■ Information shown:
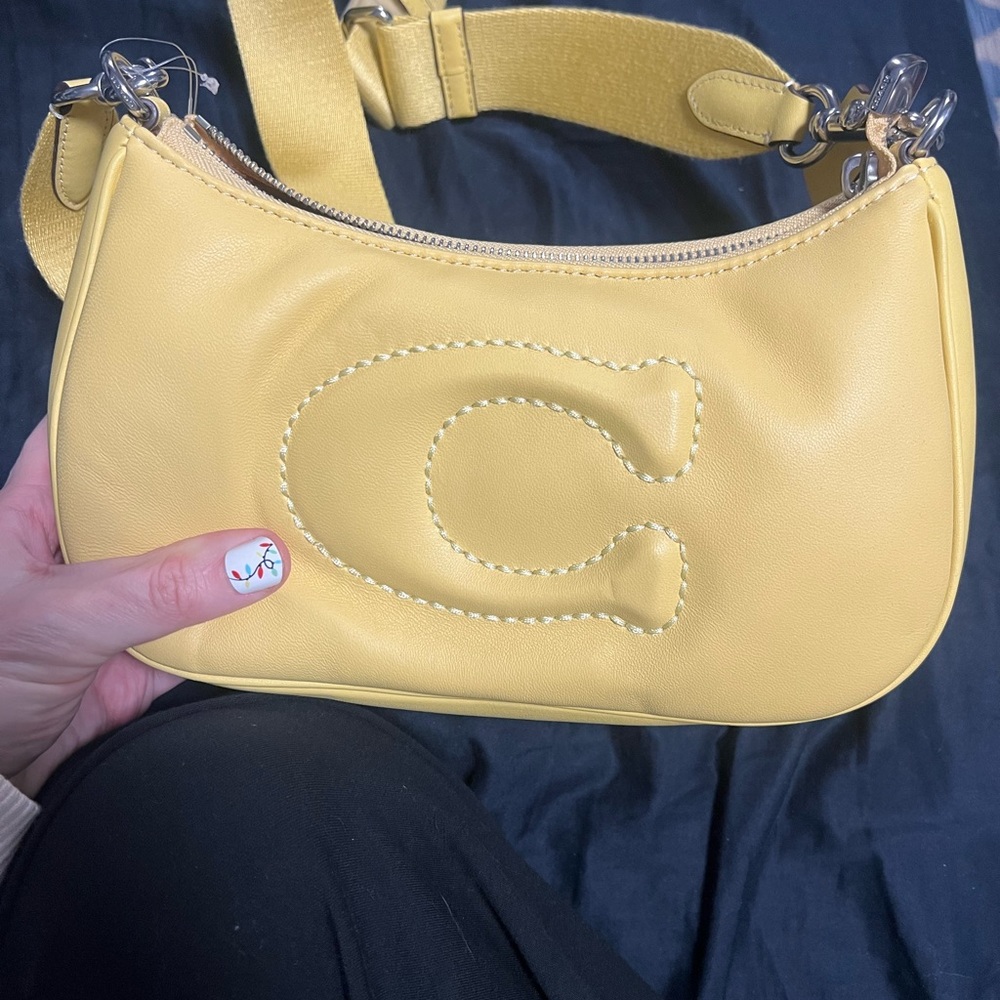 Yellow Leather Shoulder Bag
--
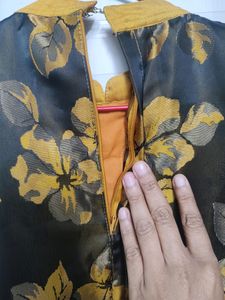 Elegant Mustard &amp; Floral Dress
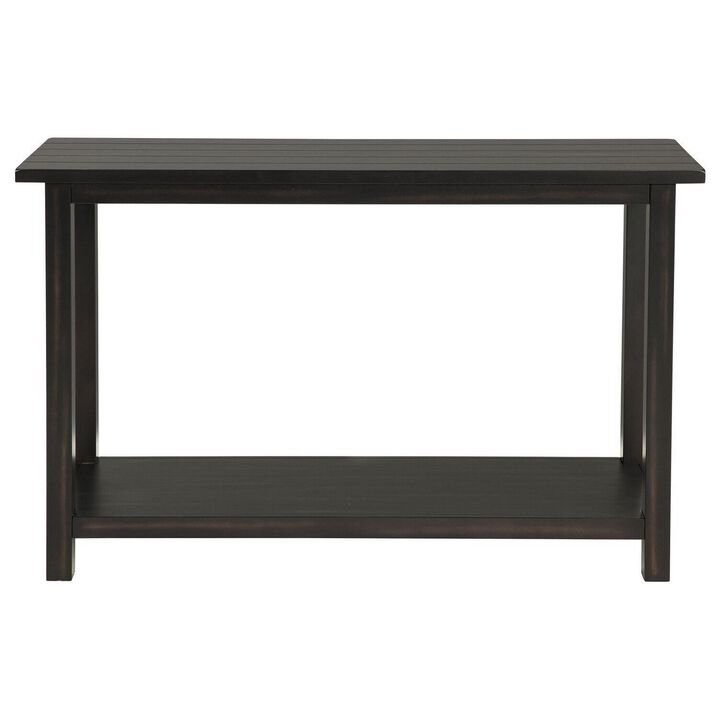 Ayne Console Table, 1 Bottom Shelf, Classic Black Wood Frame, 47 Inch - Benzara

■ Assigned task: Exactly as written above, retype the lines starting at the one holding "Elegant Mustard &amp; Floral Dress" and ending at the one holding "Ayne Console Table, 1", both included, but not the pictures.

■ Solution:
 Elegant Mustard &amp; Floral Dress
 Ayne Console Table, 1 Bottom Shelf, Classic Black Wood Frame, 47 Inch - Benzara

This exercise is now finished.